Universal text analysis module for detecting language, meaningfulness, and structure

These details have not been verified by PyPI

Project links

Homepage

Project description

Text Quality Analyzer

Universal Python module for analyzing text quality, detecting language, meaningfulness, and document structure.

Features

Language Detection: Automatic detection of 97+ languages with confidence scores
Meaningfulness Check: Determines if text is coherent writing or random characters
Structure Analysis: Detects Markdown headers, lists, paragraphs, links, and code blocks
Readability Metrics: Flesch reading ease and other readability scores
Lightweight: CPU-only, works offline, no GPU required
Fast: Analyzes 1MB of text in under 1 second

Installation

From source (recommended for development)

cd text-quality-analyzer
pip install -e .

Install dependencies only

pip install -r requirements.txt

Required dependencies

langid>=1.1.6 - Language detection
textstat>=0.7.3 - Readability metrics
wordfreq>=3.0.0 - Word frequency dictionaries

Quick Start

Basic Usage

from text_quality_analyzer import TextProfiler

profiler = TextProfiler()
result = profiler.analyze_text("Your text here")

print(result["language"])          # 'en'
print(result["is_meaningful"])     # True
print(result["is_structured"])     # False

Convenience Function

from text_quality_analyzer import analyze_text

result = analyze_text("## Hello World\n\nThis is a test.")
print(result)

Usage Examples

Example 1: Language Detection

from text_quality_analyzer import TextProfiler

profiler = TextProfiler()

texts = {
    "English": "This is a test document.",
    "Russian": "Это тестовый документ.",
    "Chinese": "这是一个测试文档。

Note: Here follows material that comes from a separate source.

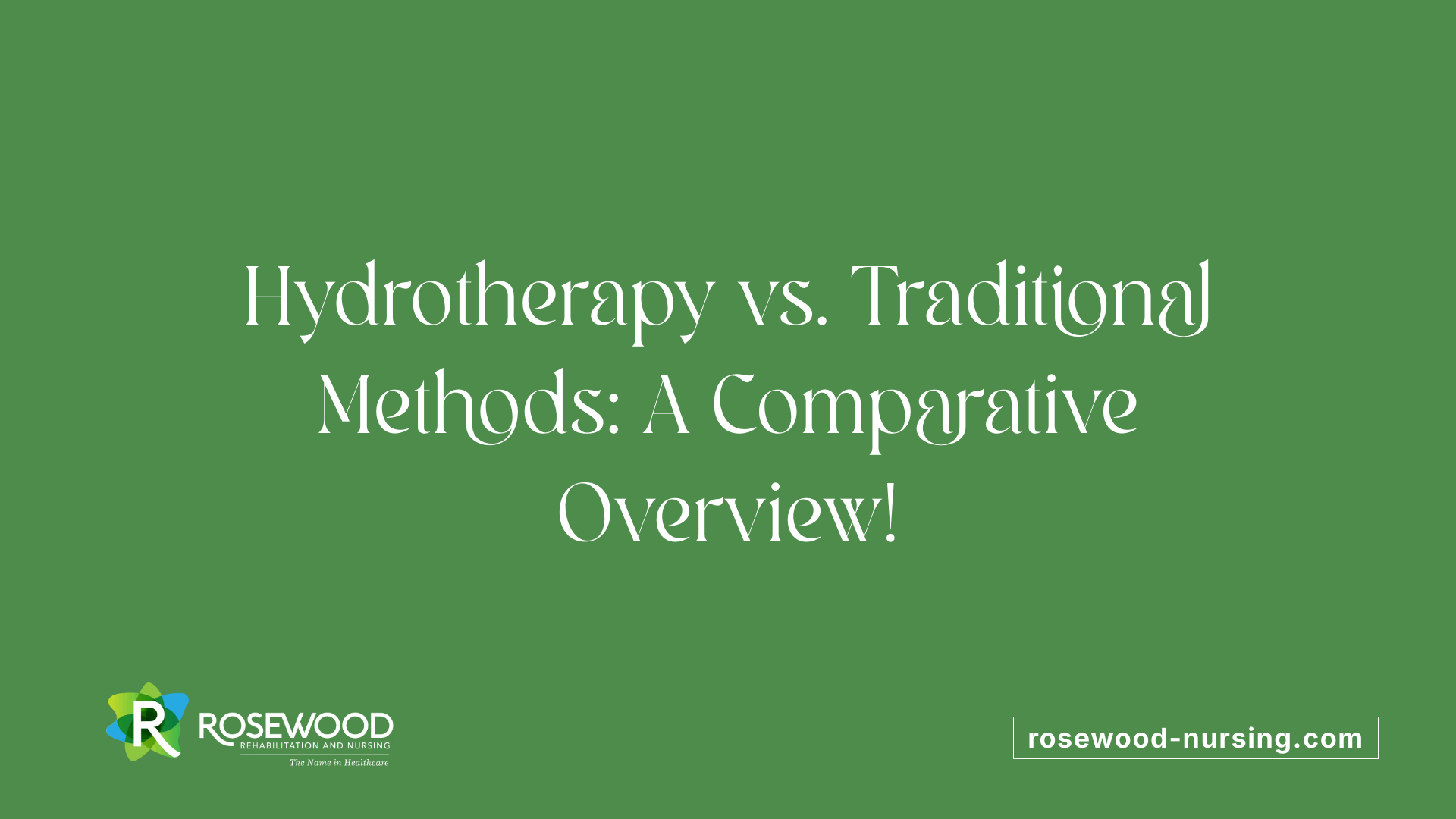 Hydrotherapy vs. Traditional Methods: A Comparative Overview!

"
}

for name, text in texts.items():
    result = profiler.analyze_text(text)
    print(f"{name}: {result['language']} ({result['language_confidence']:.0%})")

# Output:
# English: en (99%)
# Russian: ru (98%)
# Chinese: zh (99%)

Example 2: Quality Filtering

from text_quality_analyzer import TextProfiler

profiler = TextProfiler()

# Filter meaningful text only
texts = [
    "This is a well-written article.",
    "xkcd1234!@#$%^&*()",
    "Short"
]

for text in texts:
    should_process, reason = profiler.should_process_text(
        text,
        require_meaningful=True,
        allowed_languages=["en"]
    )
    print(f"{'ACCEPT' if should_process else 'REJECT'}: {reason}")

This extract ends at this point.